No ligs!!! Runny amber mucus all on her tail!! No signs of labor yet








Sent from my iPhone using Goat Forum


----------



## Mikesell04 (Jan 26, 2014)

That udder looks like a bowling ball.. Wow!! She has got to kid today.. I cannot wait to see what she has in there 


TheRockinFunFarm


----------



## sandhillfarm (Feb 25, 2013)

I know! Haha really curious how many thinking pink!!!


Sent from my iPhone using Goat Forum


----------



## sandhillfarm (Feb 25, 2013)

Will be kiddin today!!


Sent from my iPhone using Goat Forum


----------



## sandhillfarm (Feb 25, 2013)

Sent from my iPhone using Goat Forum


----------



## Mikesell04 (Jan 26, 2014)

Woo Hooo!!! Babies soon now for sure!!!! Ill be waiting to see what ya get  good Luck Mama, I know she is more than ready!!!


TheRockinFunFarm


----------



## sandhillfarm (Feb 25, 2013)

Thx I'm all ready, should be pushing anytime now!


Sent from my iPhone using Goat Forum


----------



## eqstrnathlete (Mar 16, 2013)

Wow look at that udder!


Sent from my iPhone using Goat Forum


----------



## ksalvagno (Oct 6, 2009)

Good luck!


----------



## sandhillfarm (Feb 25, 2013)

ivw never had one stand up to get the bubble out!!

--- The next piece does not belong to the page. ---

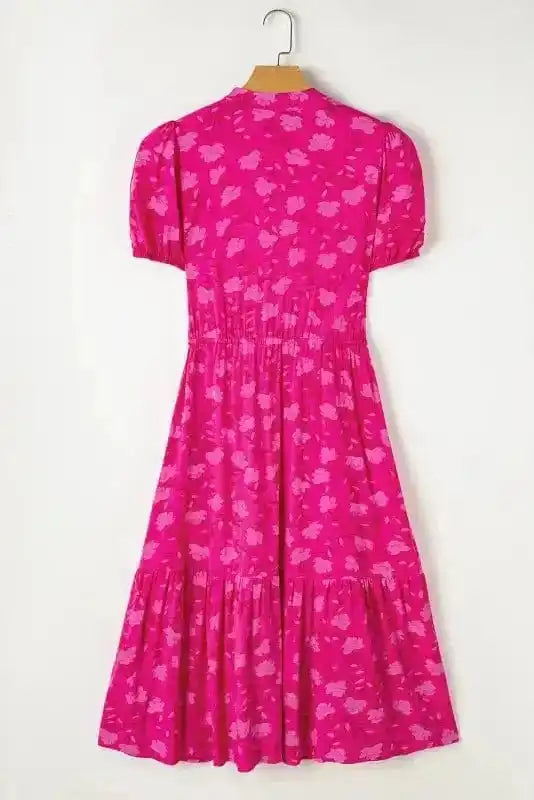 Midi Dresses Rose Red Floral Midi Dress - Pleated Flowy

Sent from my iPhone using Goat Forum


----------



## Frosty (Feb 13, 2010)

I guess its what ever works for them. Can't wait to see pictures.


----------



## NyGoatMom (Jan 26, 2013)

Waiting


----------



## jberter (Jan 21, 2010)

and,,,,,, waiting,,,,,  can't be long now after seeing the ' stand up picture,, gravity will surely take over,, ha...


----------



## sandhillfarm (Feb 25, 2013)

Two girls!!!














Sent from my iPhone using Goat Forum


----------



## sandhillfarm (Feb 25, 2013)

One with saanen ears and white, the other with otter ears and cream color  soooo happy!!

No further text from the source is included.